• **TRY IT**: Print the data exactly as written, line for line, and leave its pictures behind.

• **DATA SEGMENT**:
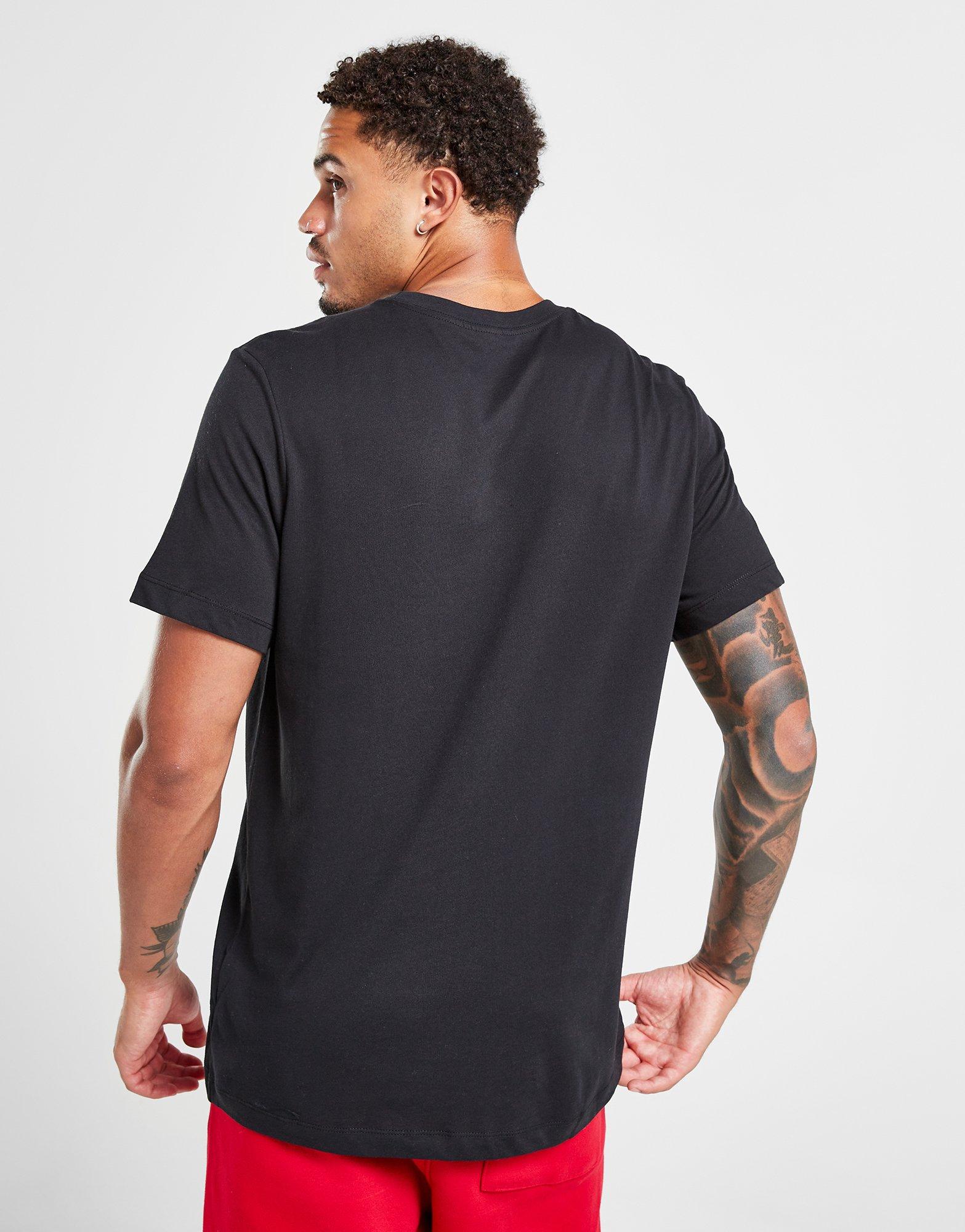 Pánske tričko JORDAN JUMPMAN TRIČKO  CW5190-010 Čierna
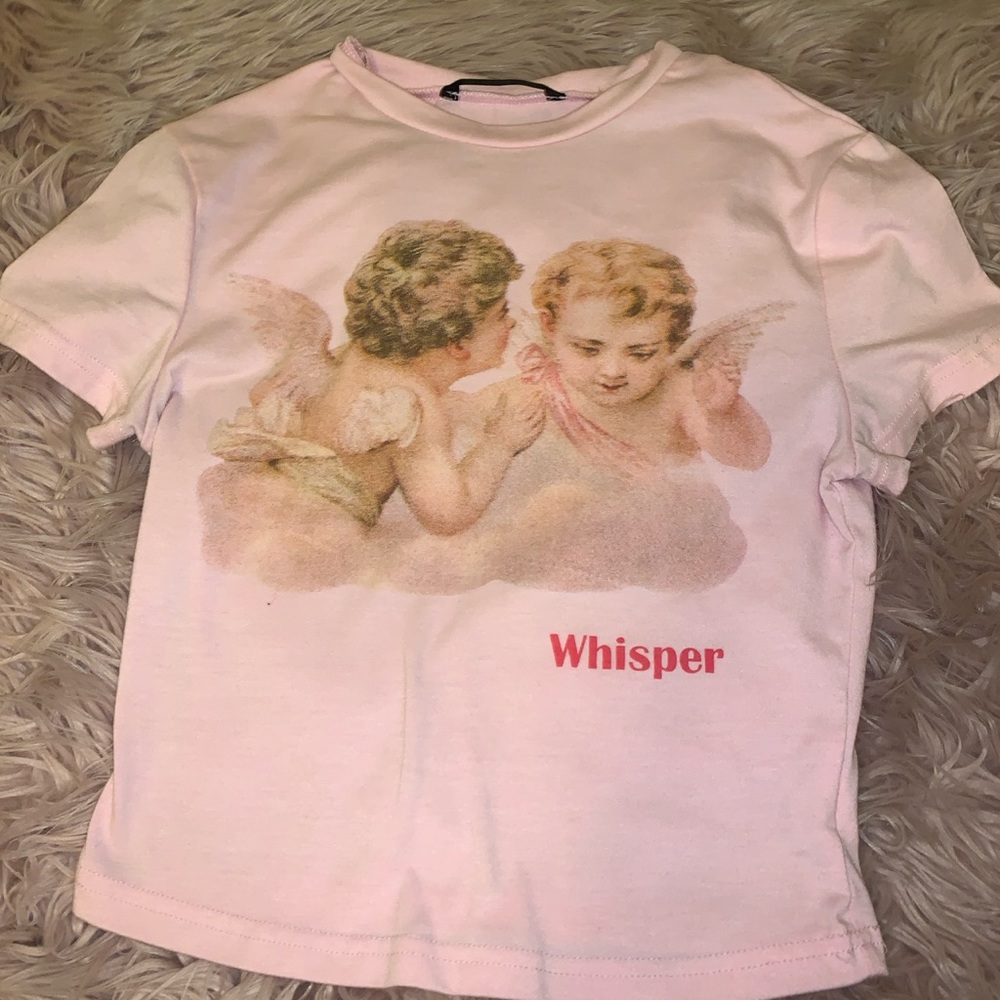 super cute angel top!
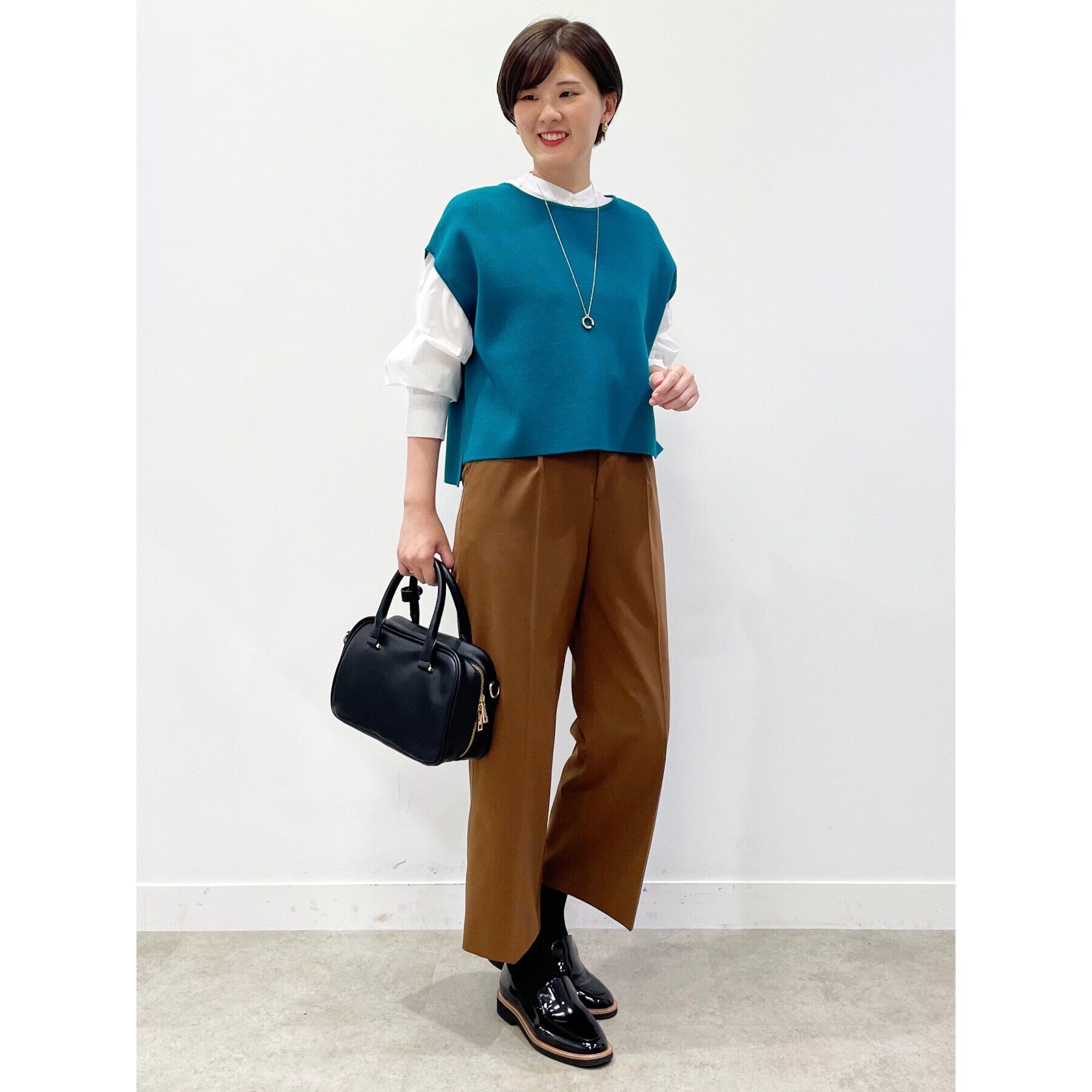 Reflect「【手洗い可】スタイルアップワイドパンツ」|その他|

• **WRITTEN SOLUTION**:
 Pánske tričko JORDAN JUMPMAN TRIČKO  CW5190-010 Čierna
 super cute angel top!
 Reflect「【手洗い可】スタイルアップワイドパンツ」|その他|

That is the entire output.